7. Mitigate injuries- After becoming proficient in yoga, you move and exert your body differently and in more ergonomic ways. Knowing the healthy range as well as the strengths and weaknesses of shoulders, hips, knees and other joints will help you naturally prevent contorting your body in ways that could lead to injury. Having a a stronger foundation of core and stabilizing muscles along with the increased flexibility also helps to prevent injuries.

8. Rehabilitation- Yoga doesn’t make you invincible or bulletproof so you’re still bound to get injured at least once on your path from white to black belt. And when this happens you can bet that yoga will be the best way to rehabilitate and recover from your injuries. So far, I have been able to strengthen a partially torn MCL and ACL in my knee, repair rotator cuff  tear in my shoulder, straighten out my crooked fingers and much more.  I refused knee surgery after having 3 different doctors tell me its the only way I’ll be able to train again. I’m really starting to think Yoga can cure anything!

Thanks for reading, OSS and Namaste!

My First BJJ Tournament as a White Belt

I started training mixed martial arts (MMA) at IngDojo in the Philippines at the ripe age of 34. Prior to this, I had spent 13 years behind a desk with a laptop in one hand and a phone in the other so I went in with no foundation of physical fitness whatsoever. I couldn’t run 100 meters much less run 1 mile so getting back in shape was both painful and grueling. I trained striking and bjj at IngDojo about 2 to 3 times a week for just over 1 year. During this time I visited other gyms in the Philippines as well as Canada. After a long 6 month break due to business travel and knee injury, I took the opportunity to come to Vietnam to train at the Saigon Sports Club under professor Gilberto Bottiglieri.

I initially planned on staying for a month while working remotely but when I learned about the Saigon One BJJ Tournament was just two months away, I decided to stay so I could train and compete.

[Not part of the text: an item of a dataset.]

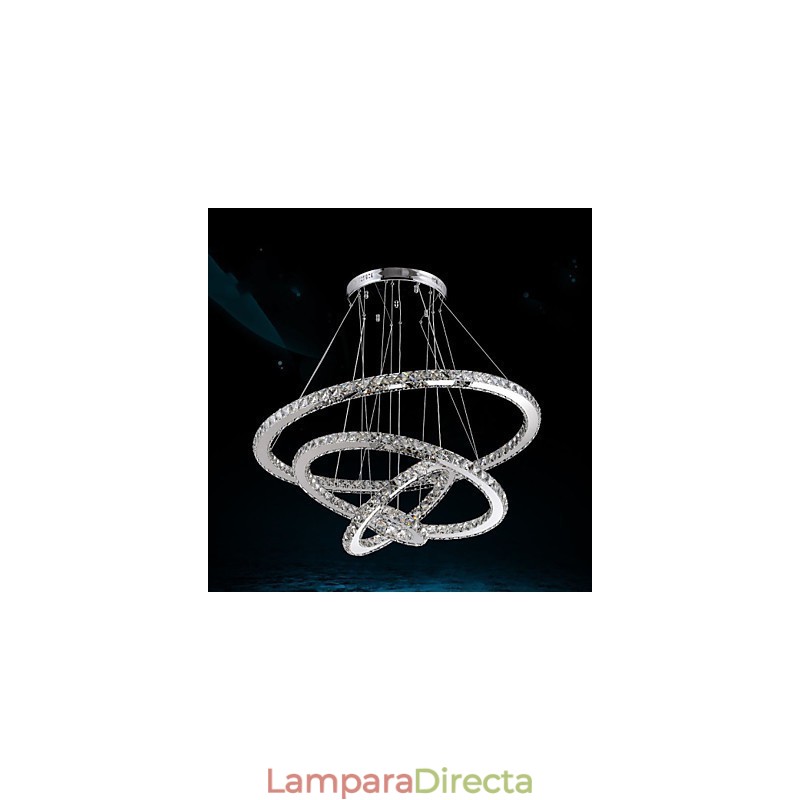 Lámpara colgante de cristal K9 para techo, cristal transparente, redonda, 4 anillos, anillo grande (blanco cálido), otro (blanco frío).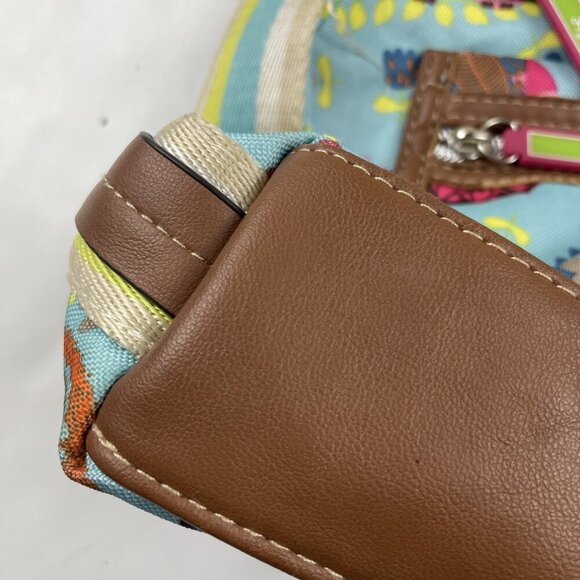 Lily Bloom Crossbody Purse Owls Medium Size Blue Brown Polyester Canvas - Picture 8 of 13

I’ve now had 3 months of almost daily training and the tournament is exactly two weeks away.  I kinda feel like a  sandbagger because I frequently tap blues and very rarely get tapped by whites but in my defense I truly only have around 1 year and 3 months of training and only 1 stripe on my belt.  With fighters coming from all over the world and from a plethora of other disciplines, I’m sure I will have to go a against a true sandbagger who may have several years or even decades of training in wrestling, Judo, Krav Maga or other disciplines but since they haven’t been belted as in BJJ, they are able to come in as a white belt. But no complaints, as the cliche goes… All is Fair in “Love and War” so let the best man win.

One thing’s for sure, I aim to bring home the gold medal!

Post Competition Update

So I placed 3rd and won a bronze medal. I’ve been kicking myself in the butt ever since because I really feel like I should have won the gold but I learned a valuable lesson… competing is very different than any other setting because of the mental game that is involved. My only downfall was the mental block. I had my head up my ass and didn’t perform anywhere nearly as well as I normally do. I had the gold medal winner in a triangle coke two different times but instead of correcting the angle and closing it like I should have, I was floundering around trying other things like sweeps and kimoras. The video is painful to watch. In conclusion, I hope to continue competing so I can overcome the mental block and start winning gold medals!